Eanger Irving Couse / Biography



  • Couse in his Taos studio at work on "San Juan Pottery," 1911.

    Couse in his Taos studio at work on "San Juan Pottery," 1911.

  • Couse with his favorite model, Ben Lujan, circa 1928.

    Couse with his favorite model, Ben Lujan, circa 1928.

  • Couse at his easel, circa. 1930.

    Couse at his easel, circa. 1930.

About Eanger Irving Couse

Eanger Irving Couse was born September 3, 1866 in Saginaw, Michigan. The Chippewa people lived close by. Young Couse's interest in Native American cultures developed very early, as did his artistic instinct. To paint the American Indian became his life-long ambition.

Schooling

He left traditional schooling at age 16 and studied briefly at the Art Institute of Chicago and then for two years at the National Academy of Design in New York City.
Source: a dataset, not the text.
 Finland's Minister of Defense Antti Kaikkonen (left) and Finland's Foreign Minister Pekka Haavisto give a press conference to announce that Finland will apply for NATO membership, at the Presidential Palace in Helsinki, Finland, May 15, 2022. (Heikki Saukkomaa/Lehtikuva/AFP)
In the fall of 1886 Couse went to Paris where he entered the Académie Julian. He learned French rapidly and was successful in his art studies under William Bougereau and Tony Robert Fleury, often winning prizes for his work.

Virginia

In the fall of 1887, he was introduced by mutual friends to Virginia Walker, a ranch girl from the state of Washington, who had come to Paris to study illustration. A romance developed and they were married in Paris in 1889.

Couse wanted to paint a major Indian picture for the Paris Salon and Virginia convinced her husband to return to America and live for a year on her family's ranch in Washington, where he could find Indian models. The Captive, a history painting based on an incident associated with the Whitman Massacre, was his first painting depicting an Indian subject. It was shown in the Paris Salon of 1892 and now hangs in the Phoenix Art Museum. His wife and a local Klikitat Indian were his models.

Back in France, the Couses moved in 1893 to Etaples, a small fishing village and art colony on the coast of Picardy. They remained there for three years while he painted French peasants and fisher folk. Their son, Kibbey, was born in Etaples.

Taos

In 1898 the Couses established a winter studio in New York, but summers were spent away from the city, painting in Washington, Connecticut and France. Couse learned of Taos in May of 1902 through a conversation with his friend, Ernest Blumenschein. Two weeks later Couse arrived in northern New Mexico with his family to begin a lifetime of summer residency and the development of the oeuvre for which he became famous. He was one of the founders of the Taos Society of Artists in 1915 and its first president. A painter of Native Americans in Taos for the rest of his life, he was honored with many major prizes and awards.

Couse died in 1936 after a long and distinguished career.